Экспонаты: рефлексивная неопределенность

В «Монодроме» приняли участие больше ста художников. Большинство работ были выставлены в Дипларейос: от подвала до последнего, четвертого этажа. В некоторых местах пространство целенаправленно напоминало лабиринт со стрелками, указывающими на спрятанные точки и полуразрушенные комнаты. Многие экспонаты были не произведениями искусства в строгом понимании этого слова (то есть объектами, созданными профессиональными художниками для выставок), а архивными материалами, которые собрали и наделили новой функцией в рамках темы проекта, под которую они подошли, или фрагментами «среды» (environments), обнаруженными в здании Дипларейос. В этом отношении «Монодром» также не приравнивал свои цели с целями общественных движений, активизма и социальных перемен, он скорее создал пространство, представляющее, интерпретирующее и подвергающее рефлексии кризис, его причины и результаты.

Например, многие элементы интерьера школы Дипларейос, находившейся в состоянии разрухи вследствие естественных для заброшенного здания процессов, были оформлены в контексте кураторского нарратива, чтобы иллюстрировать общую идею заброшенности и разрухи в греческом обществе. За годы, когда здание не использовалось, эти фрагменты «среды» появились практически без «созидательного» человеческого участия. Например, мертвые голуби, найденные, когда здание было открыто кураторами, — их оставили лежать на полу, прикрыв стеклянными колпаками.
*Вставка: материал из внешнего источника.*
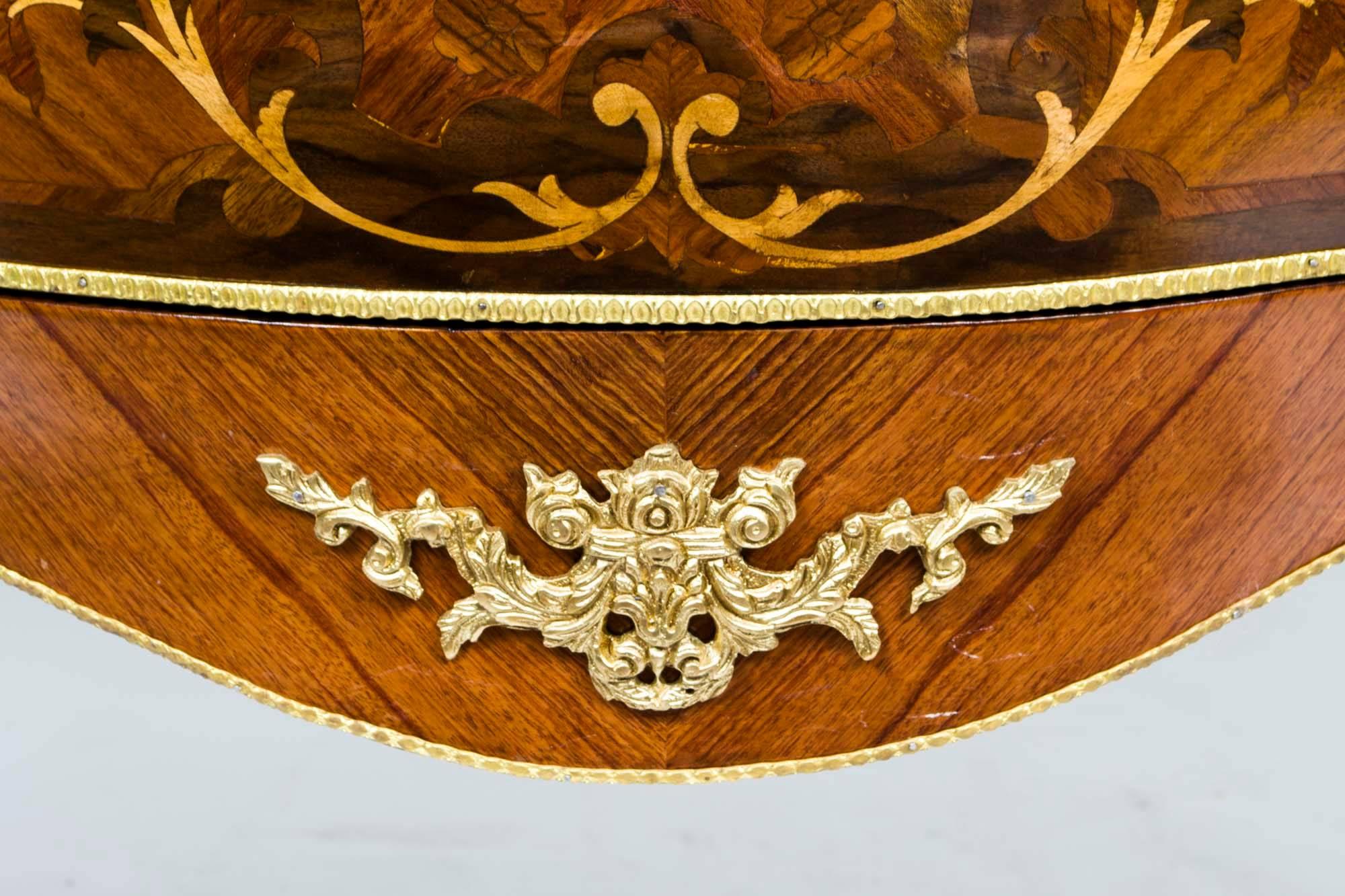 Louis XV Walnut Marquetry Commode Siena Marble 3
С одной стороны, голуби стали напоминанием, что государство позволило такому прекрасному зданию прийти в запустение, и соответственно подтверждением идеи «кризиса в Афинах». С другой стороны, используя образ смерти как показатель мрачной социальной обстановки, «Монодром» призывал к рефлексии на тему кризиса. Подобным целям служили и другие элементы, например граффити на стенах и других поверхностях Дипларейос. Они тоже были оставлены в нетронутом виде — и как исторический след, нечто из прошлого, и как напоминание о современной разрухе, возможно, способное повлечь будущее обновление. Но не стоит забывать, что решение оставить такие следы, чтобы подчеркнуть руинированное состояние, было вызвано в большой степени ограниченным бюджетом, чем эстетическими соображениями.

Идея представить на выставке архивные документы, практика их реконтекстуализации в настоящем с целью инициировать появление новых смыслов, была в «Монодроме» доминирующей. То, что кураторы выставили ряд разнородных найденных объектов как иллюстрацию общей ситуации кризиса, стало показателем всей 3-й Афинской биеннале. Количество и разнородность выставленных артефактов свидетельствовали о повышенном желании кураторов выступить с художественной интервенцией, об их желании не просто отобрать работы, а выставить свои собственные. В числе таких свидетельств — гипсовые бюсты античных персонажей, которые были помещены рядом с телевизионными экранами, показывающими недавние греческие победы в спортивных соревнованиях, а также обломки гипсовых скульптур древнегреческих исторических фигур, найденные в мастерской и перенесенные в выставочный зал. Эта расстановка объектов кураторами, отсылающая к тому, как античность повлияла на формирование современного греческого самосознания, была призвана вывести связь между государственной националистической риторикой и текущим экономическим кризисом.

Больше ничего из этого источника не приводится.